This post is the top stackoverflow hit when I search "searching large text files" tagged with c#. Although, the problem still exists, some things have changed since this post was originally made. Like 300-600 MB no longer being considered a large file, and like the performance of System.Text.RegularExpressions.Regex being greatly improved. For these reasons I feel it's fair to update the answer.
In short, using System.Text.RegularExpressions.Regex
from the current version of dotnet is going to be very fast for just about any search you can come up with. It's gotten really fast.
Starting with .NET7 Regex incorporates 4 different engines depending on how it's instantiated. These engines provide highly optimized searching "in many cases, to the point where it ends up being significantly better than Boyer-Moore in all but the most corner of corner cases."
Of the 4 engines using RegexOptions.Compiled
or GeneratedRegex
will produce the fastest code (ie. the best best-case performance). For most cases this is a good solution.

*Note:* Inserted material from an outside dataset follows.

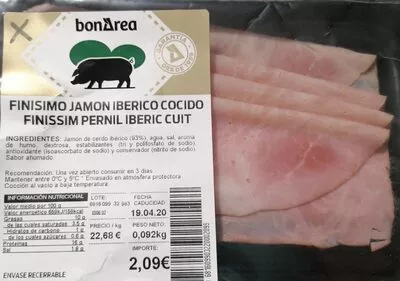 Finísimo jamón ibérico cocido Bonarea 16 g, code 00681609903220002099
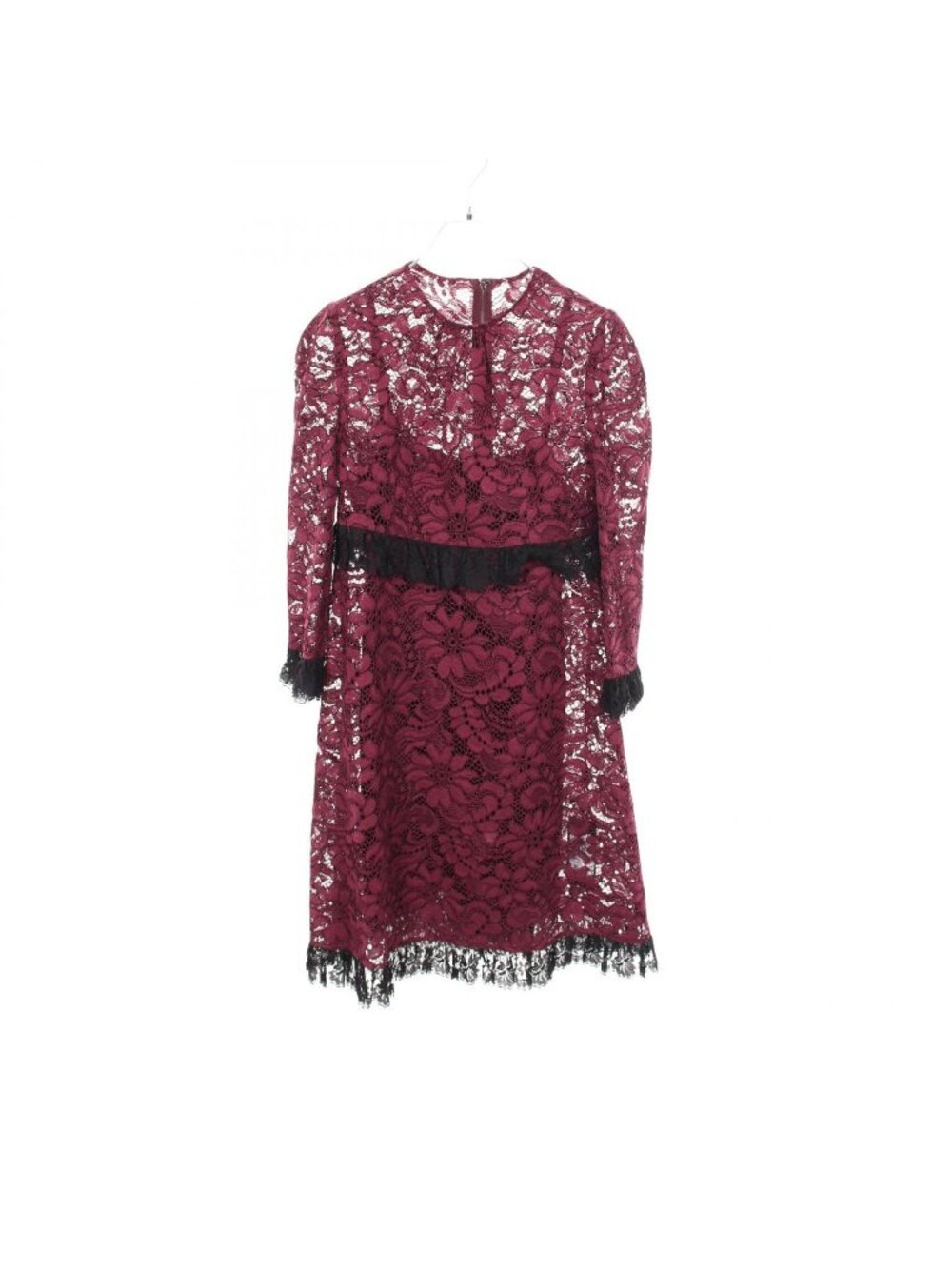 Dolce & Gabbana Dress Full Lace with Inner Bordeaux Cotton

However, if your use case needs maximum stability or is susceptible to input abuse then using RegexOptions.NonBacktracking
will provide "the best worst-case performance" "in exchange for reduced best-case performance" by switching to an engine based on finite automata which "guarantees it’ll only ever do an ammortized-constant amount of work per character in the input."
Here is Stephen Toub's full blog about the many impressive optimizations added to Regex in .NET7.
To further boost the performance of System.Text.RegularExpressions.Regex
through parallelism or to process files that exceed RAM you may also want to have a look at Gigantor.